DV被害者は殺されるかもしれないし、殺してしまうかもしれない
夏日が続き、半袖のTシャツを着るようになりました。すると、どうしても目に入ってくるのが茶色いしみになって腕に残るやけどのあと。昨年の夏はなかったのです。久々に目にし、不快な記憶が呼び覚まされます。目に入ったり、ほかの人に見えないよう腕を変な方向にねじったりするたび、夫からの暴力を思い出すことでしょう。
このやけどを作ったのと同じ日に、私は前頭部に裂傷を作りました。夫が酒に酔ったうえで私を突き飛ばし、ドアノブに頭を打ち付け、血がしばらく止まりませんでした。頭をケガすると、すごく血が出るんですね。そのときまで、知りませんでした。
夫から暴力をふるわれても、我慢する被害者がいます。それを知りながら放置する傍観者もいます。よく考えてほしいのです。それでいいのか。ひどい場合、死に至る可能性だってあるではないか、と。
家族間の殺人事件は報道されないだけで多い
夫が妻を殺す事件は多いのです。
家族間の殺人事件は実はとても多いのですが、他人を殺すのと違い、あまり報道されません。そのため、最も危険なのは家族だということを、多くの方が知らない状態です。
DV加害者が被害者を殺した場合、そしてその被害者がDV相談をしていなかった場合、ただの殺人事件の扱いになり、加害者の言い分がそのまま通りかねません。
昨年11月にも、DV夫による殺人が起きています。別居中の妻の実家がある高知に夫が愛知から押しかけ、ホテルで妻を絞め殺しました。
記事にはこう書かれています。
2人は5月ごろから名古屋市で同居していたが、巧容疑者の暴力や束縛が原因として彩乃さんが8月下旬に高知市内の実家に戻った。同月30日には「夫が来た場合は助けてほしい」などと署に相談していたという。
別れ話を機に殺人に至ったケースは、こちらの記事にまとめてあります。
「夫は手加減するから大丈夫」は大丈夫じゃない
被害者に言いたいのは、夫は力の加減をするから大丈夫だと思わないで、ということ。あなたがもし死んでしまったら、きっと夫は「殺すつもりはなかった」と言うはずです。多くの男性は、女性を簡単に殺せるくらいの力を持っています。あなたの抵抗は、あなたが思うほど強くないのです。

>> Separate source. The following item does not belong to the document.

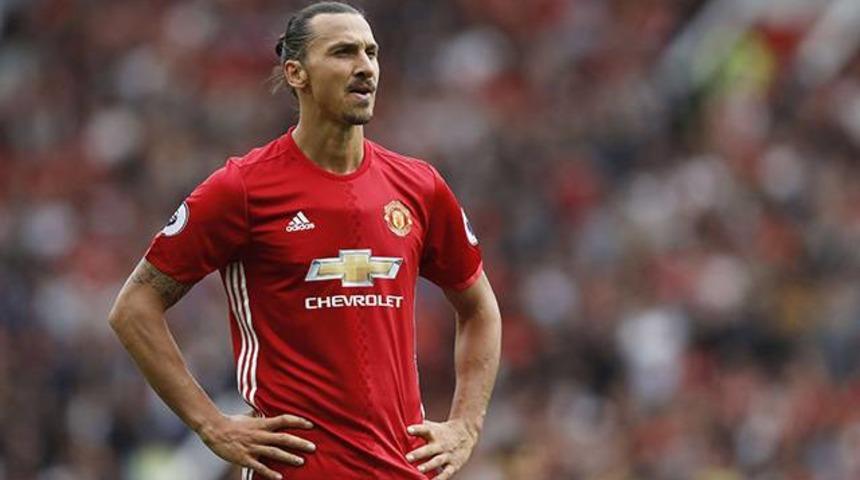 Manchester United Ibrahimovic'le yollarını ayırdı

私自身は、いつか夫に殺されると思うときがあり、遺書のようなノートをつけていました。もし自分が殺されたり、意思の疎通ができなくなった場合に、原因が夫だということが分からずじまいなのは、あまりに悔しいと思ったからです。DVと死の距離は、決して遠くありません。
DV被害者が殺人を犯す場合も
逆にDV被害者である妻が夫を殺す事件も珍しくありません。
2006年に「エリート夫殺人事件」と呼ばれるセンセーショナルな事件がありました。年収数千万円という高収入の夫から暴力をふるわれ続けた妻が、ワインボトルで夫を撲殺し、切断したうえで、道端の植え込みなどに捨てたというものでした。
09年にはこんな書籍が出ています。
DV夫の殺人依頼をした妻の話です。殺人を依頼する気持ちはよくわかります。私はずっと、夫に早く死んでほしいと思っていました。中年にさしかかり、健康のために筋トレに励むようになったのを見て、「長生きするつもりだろうか」と、げんなりしました。年が10歳離れていたので、夫がいなくなってからが自分の人生だと、本気で思っていたのです。
自分で殺すということも、かなりの実感でもって、想像していました。夫からの暴力がどうしようもなくエスカレートしたら、台所の包丁で刺そうと思っていたのです。
今思うと、異常です。そんなことになるくらいなら、別れればいいのです。でも、別れられませんでした。
DVを許さない社会に
DVは許しがたいことです。でも、残念ながら、あまりそうは思われていません。
私がかつて暮らしたマンションは、寝室の畳に包丁を突き立てた痕があり、壁をとがったもので突いた痕があり、台所のドアのガラスは割れていて、浴室の壁は穴があいたので張り替え、トイレのドアはへこんでいます。築30年以上で音も響くのに、隣近所の誰からも、何の苦情も来ませんでしたし、助けの手も差し伸べられませんでした。
悲劇を防ぐには(1)被害者にならないようDVをもっと理解する(2)社会的努力でDV加害者を減らす(3)DVを傍観しない――ことが大切です。
※紹介したblogosの記事は、少し荒っぽい議論がされていて、結論が強制入院による治療と書かれています。これは、無理な相談です。結局、加害者になるような人は、もうどうしようもないのです。本人が本気で更生しようとしない限りは。